Cass. civ. Sez. V, Sent., 04-03-2011, n. 5191

Sentenza scelta dal dott. Domenico Cirasole direttore del sito giuridico http://www.gadit.it/

Svolgimento del processo

La contribuente F.F., titolare di un esercizio di vendita al minuto di articoli di profumeria, proponeva opposizione all’avviso di rettifica con il quale l’Ufficio IVA di Roma (OMISSIS), basandosi su un p.v.c. della Guardia di Finanza che aveva constatato, per l’anno 1994, movimenti di denaro superiori al volume di affari dichiarato, aveva elevato il volume di affari e accertato una maggior imposta IVA. La C.T.P. di Roma accoglieva il ricorso.

Tale decisione è stata riformata dalla C.T.R. sul rilievo della mancata prova da parte della contribuente della corrispondenza dei dati risultanti dalla contabilità rispetto alla dichiarazione IVA. Ricorre per cassazione la contribuente deducendo, con due motivi di impugnazione, insufficiente contraddittoria motivazione. La ricorrente deposita memoria ex art. 378 c.p.c..

Si difende con controricorso l’Amministrazione finanziaria.
Motivi della decisione

Il primo motivo di ricorso costituisce una generica e indeterminata contestazione del merito della decisione della C.T.R. che la ricorrente sintetizza nell’apodittica affermazione secondo cui l’accertamento dell’infedeltà della dichiarazione non è fondato su elementi indiziari gravi, precisi e concordanti. La deduzione è peraltro basata su un assunto erroneo dato che in tema di accertamento delle imposte sui redditi, è legittima, ai sensi del D.P.R. 29 settembre 1973, n. 600, art. 32 l’utilizzazione da parte dell’amministrazione finanziaria (anche attraverso un puntuale richiamo, nell’avviso di accertamento, al verbale di ispezione redatto dalla Guardia di finanza) dei dati relativi ai movimenti bancari del contribuente, che costituiscono valida prova presuntiva, anche senza l’indicazione analitica delle singole annotazioni utilizzate per la ricostruzione dell’imponibile (Cass. Civ., sez. 5 n. 7329 del 13 maggio 2003).

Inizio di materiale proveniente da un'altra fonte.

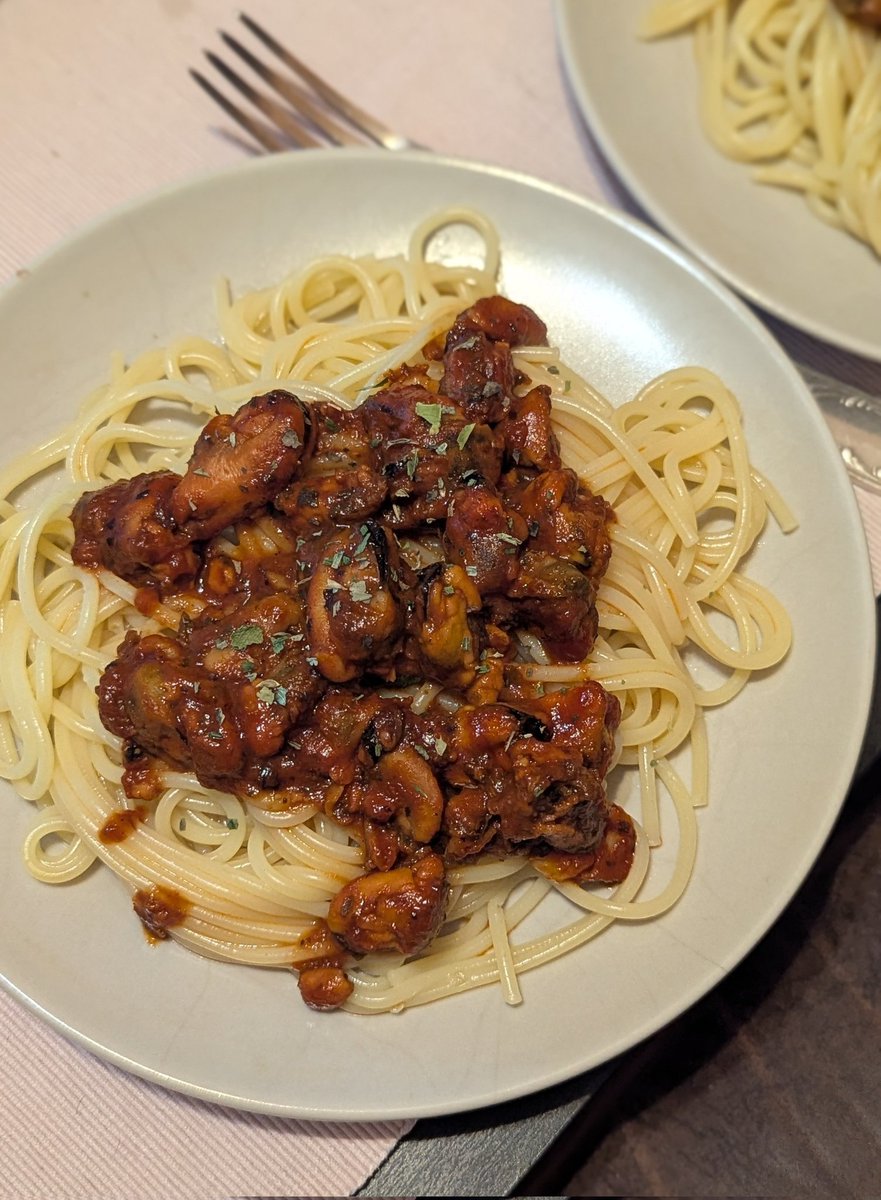 новенькая tweet media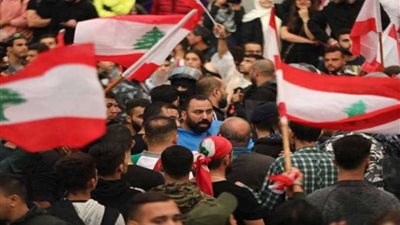 عاجل..الجيش يتدخل لإيقاف اشتباكات بين المتظاهرين فى لبنان والرافضين لقطع الطرق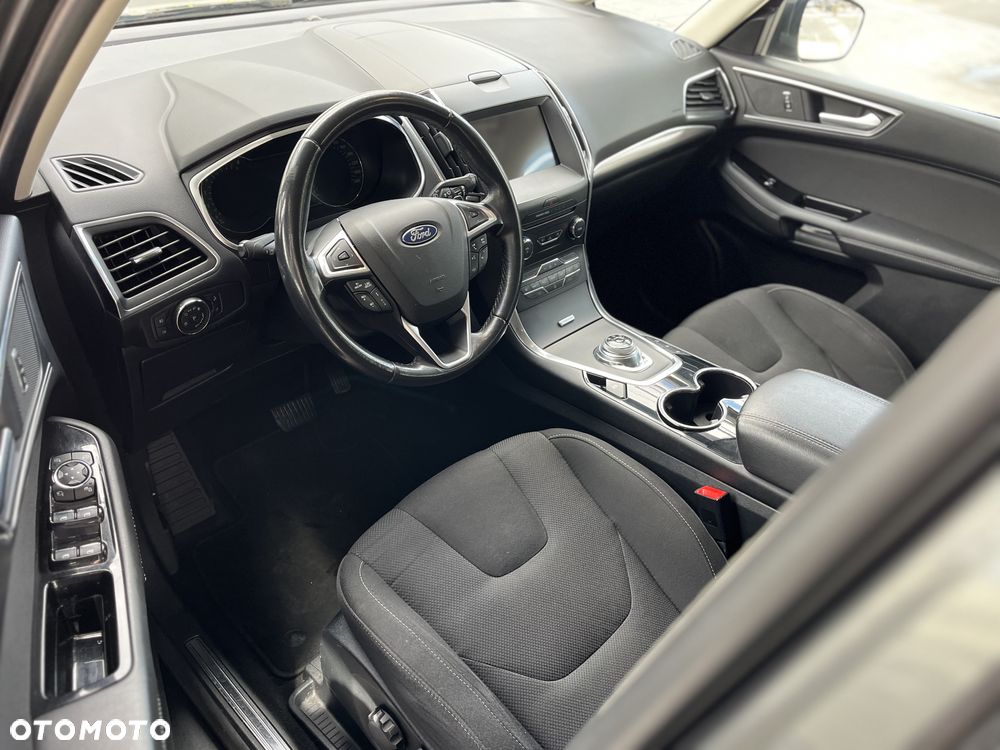 Ford S-Max 2.0 EcoBlue Titanium - 19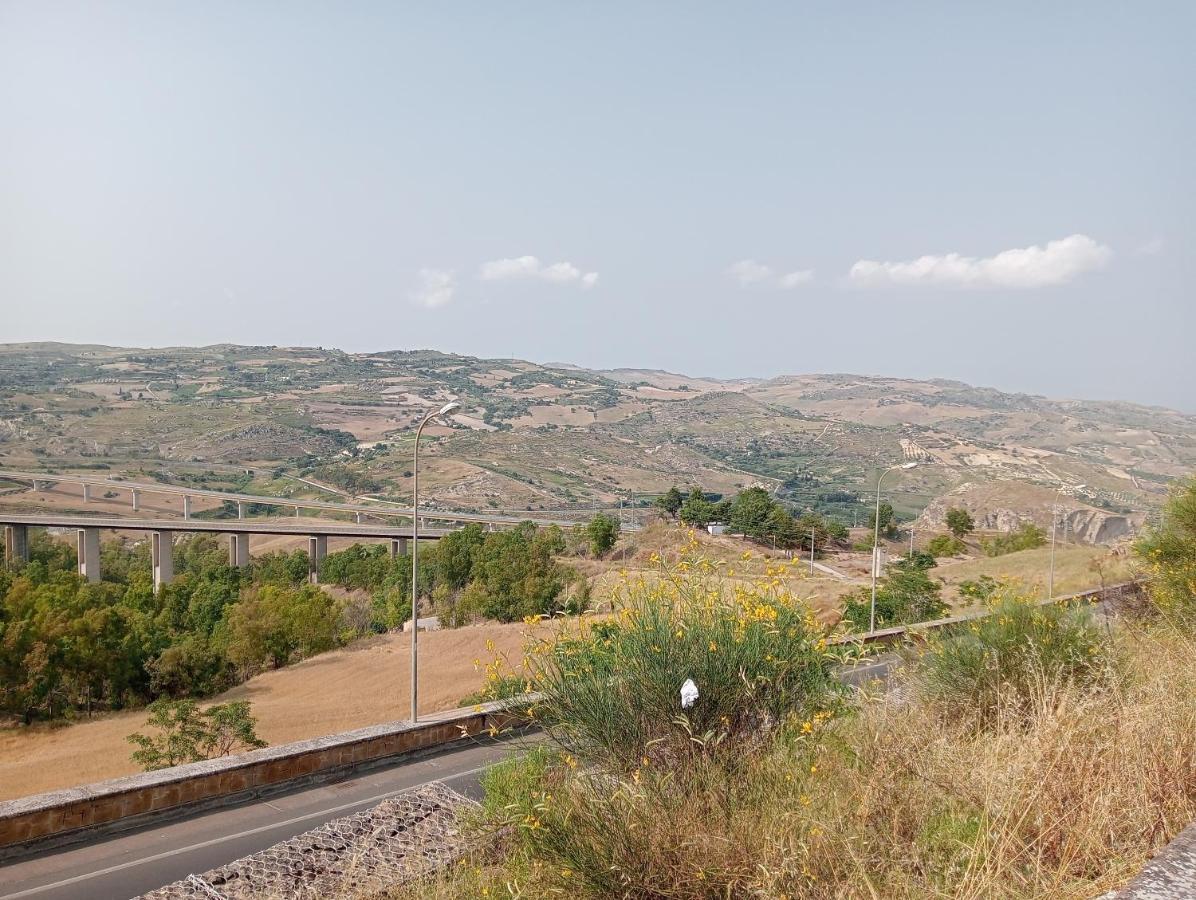 Santiago Rooms Caltagirone Buitenkant foto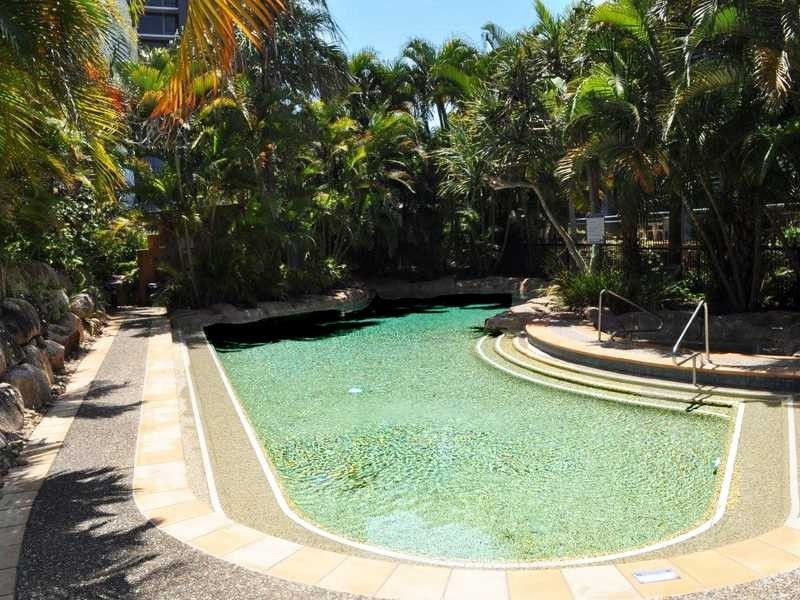 33/955 Gold Coast Highway, Palm Beach QLD 4221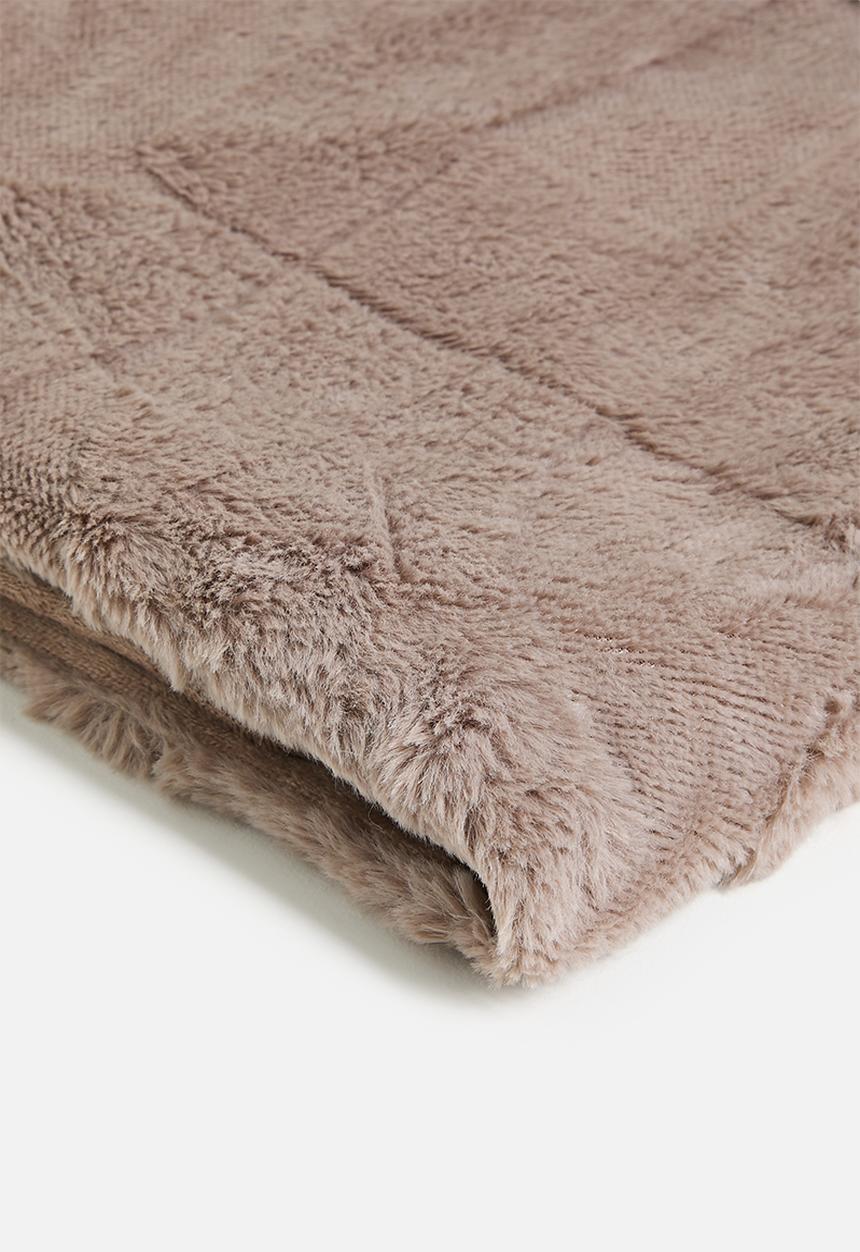 H&S - Lustra Faux Fur Throw 160cm x 130cm Coffee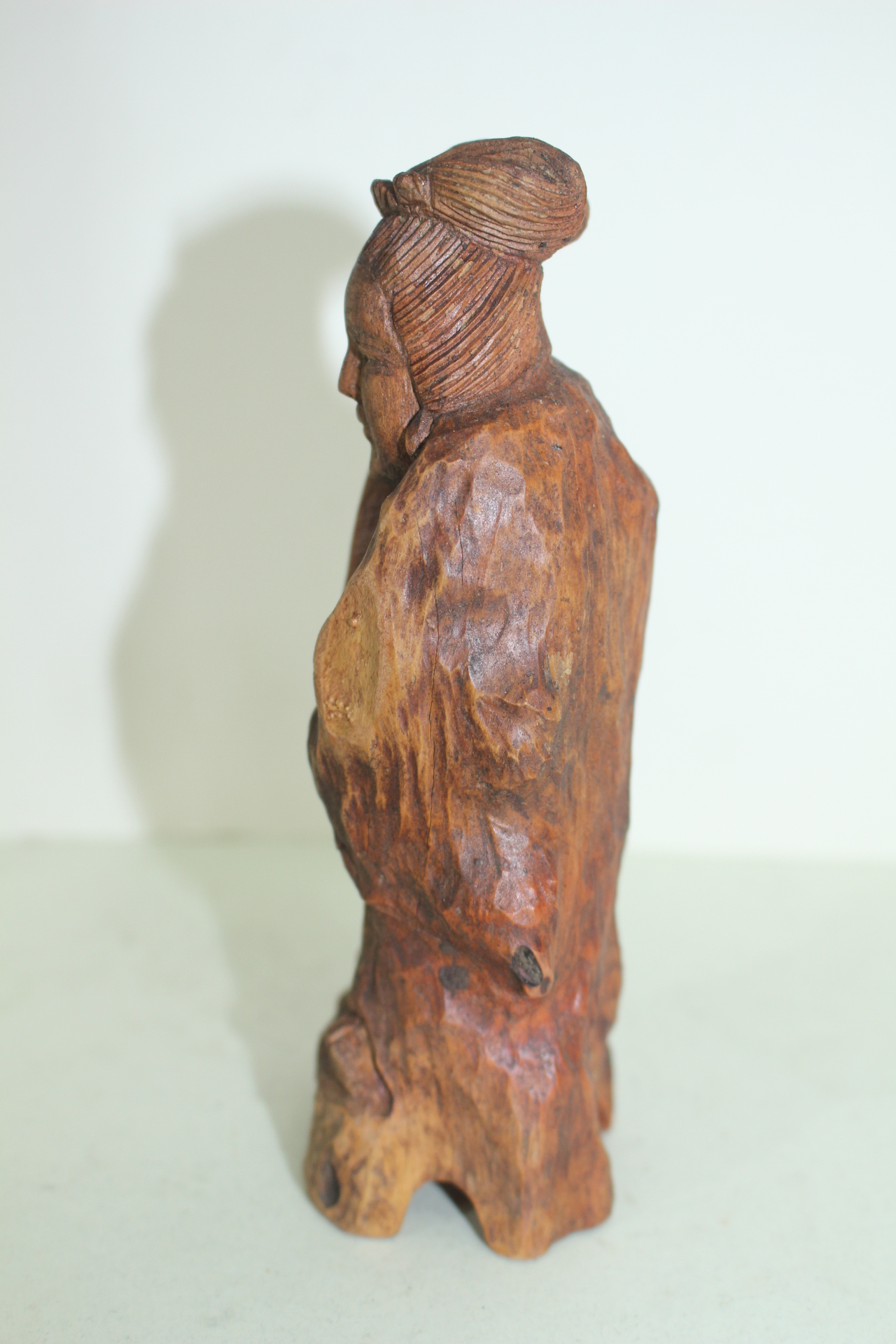 나무를 통으로 조각한 도인 조각상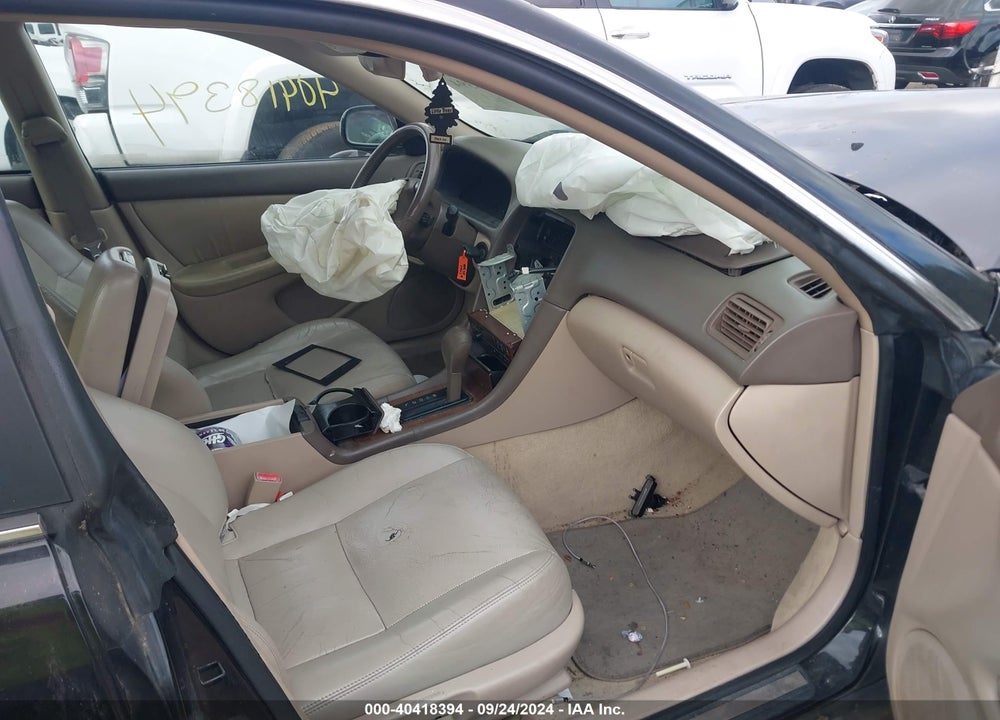 2000 LEXUS ES 300 VIN: JT8BF28G2Y0251682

Ugualmente generico e indeterminato è il secondo motivo di ricorso con il quale la ricorrente lamenta che la C.T.R. non ha motivato la sua decisione in merito alla operatività delle presunzioni legali riconosciute dal D.P.R. n. 633 del 1972, art. 51 senza chiarire non solo il significato di tale affermazione ma quali allegazioni probatorie, portate dalla sua difesa, sarebbero state trascurate dalla C.T.R.. A tale proposito va, comunque, rilevato che in tema di IVA, il D.P.R. 26 ottobre 1972, n. 633, art. 51 consente all’amministrazione finanziaria di rettificare su basi presuntive la dichiarazione del contribuente utilizzando i dati relativi ai movimenti su conti bancari dallo stesso intrattenuti. La presunzione, di cui al citato art. 51, di omessa fatturazione di ricavi conseguiti dalla società contribuente, correlata agli accertati prelevamenti operati sui conti correnti bancari, ritenuti "uscite di cassa", deve ritenersi superata qualora gli assegni siano stati regolarmente contabilizzati dalla medesima società e la stessa, come suo onere, fornisca giustificazioni in ordine al transito ed al conteggio in contabilità dei dati in questione (Cass. Civ., sez. 5, n. 14420 dell’8 luglio 2005).

Il ricorso va pertanto respinto con condanna del ricorrente al pagamento delle spese processuali del giudizio di cassazione.
P.Q.M.

La Corte rigetta il ricorso e condanna il ricorrente al pagamento delle spese processuali del giudizio di cassazione che liquida in complessivi Euro 1.100, di cui 1.000 per onorari, oltre spese generali e accessori di legge.

Testo non ufficiale. La sola stampa del bollettino ufficiale ha carattere legale.